_Task details_.
Nothing but the lines from the one containing "Green Bathroom Ideas" through the end of the data below should appear in the answer, each exact and free of pictures.

_Raw data_.
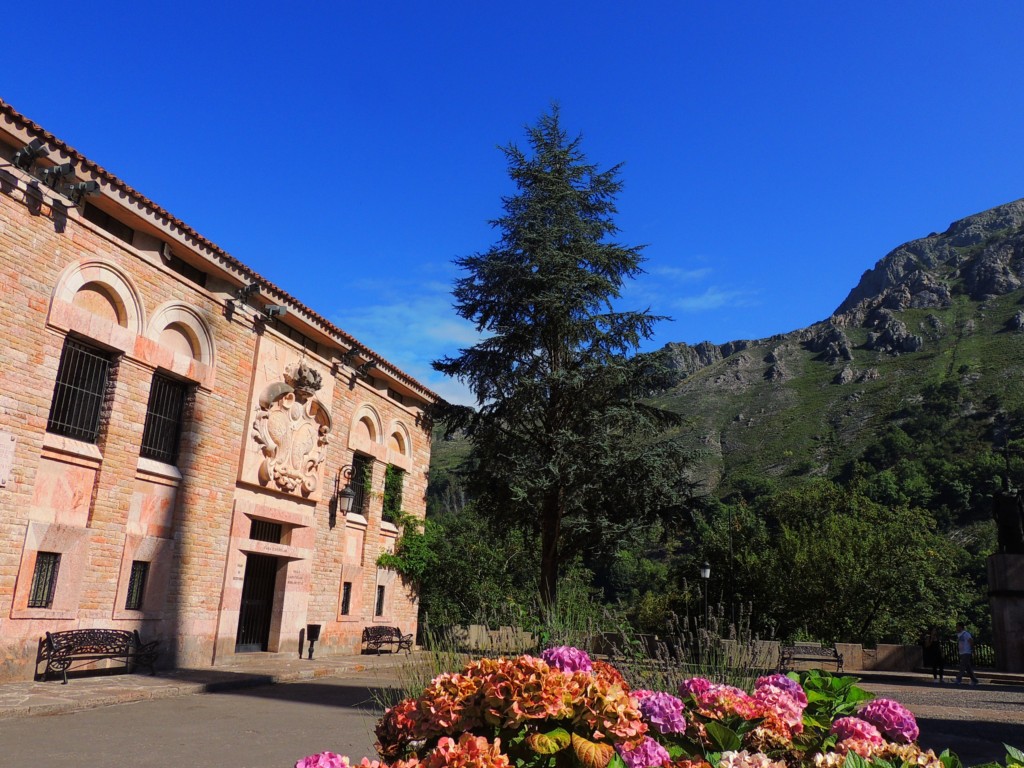 Foto de Covadonga (Asturias), España
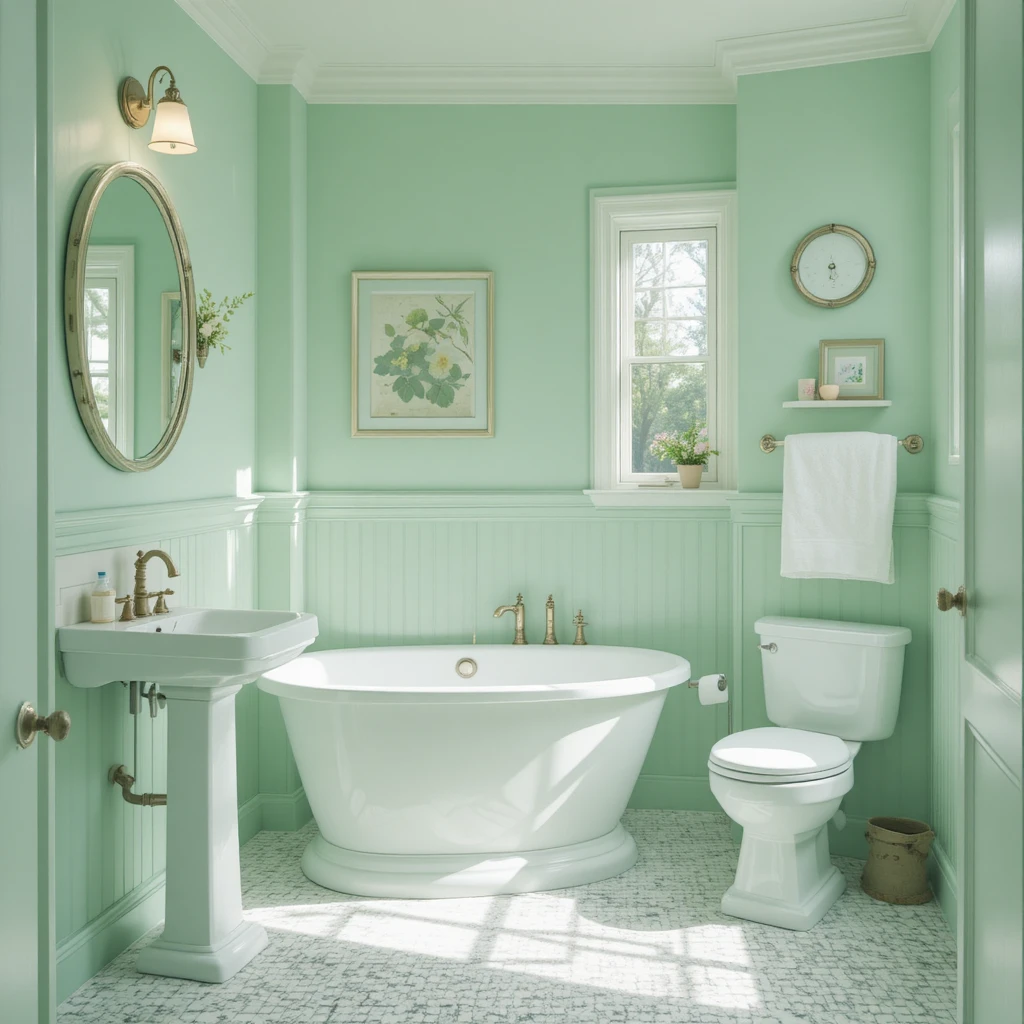 Green Bathroom Ideas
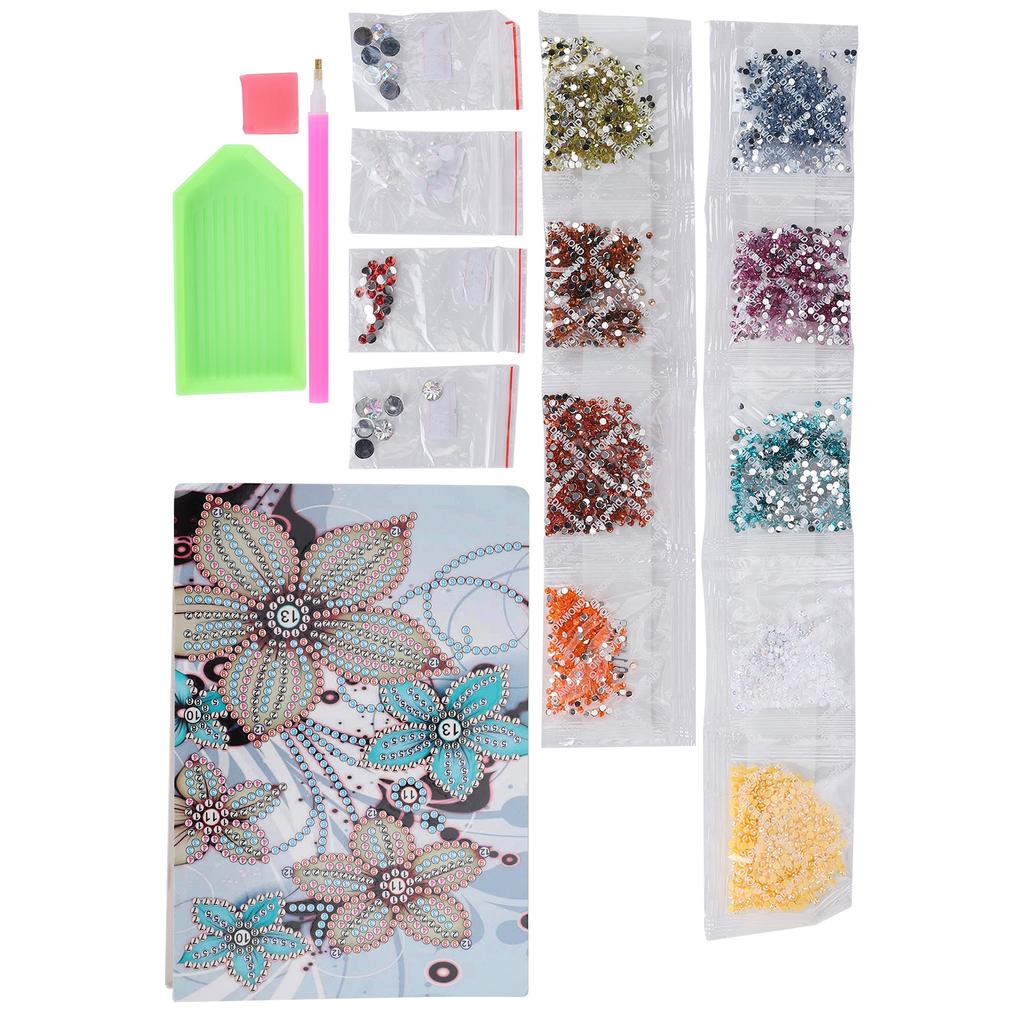 5D Kits Round Rhinestone Drill Paints Home Wall Decororations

_Answer space_.
 Green Bathroom Ideas
 5D Kits Round Rhinestone Drill Paints Home Wall Decororations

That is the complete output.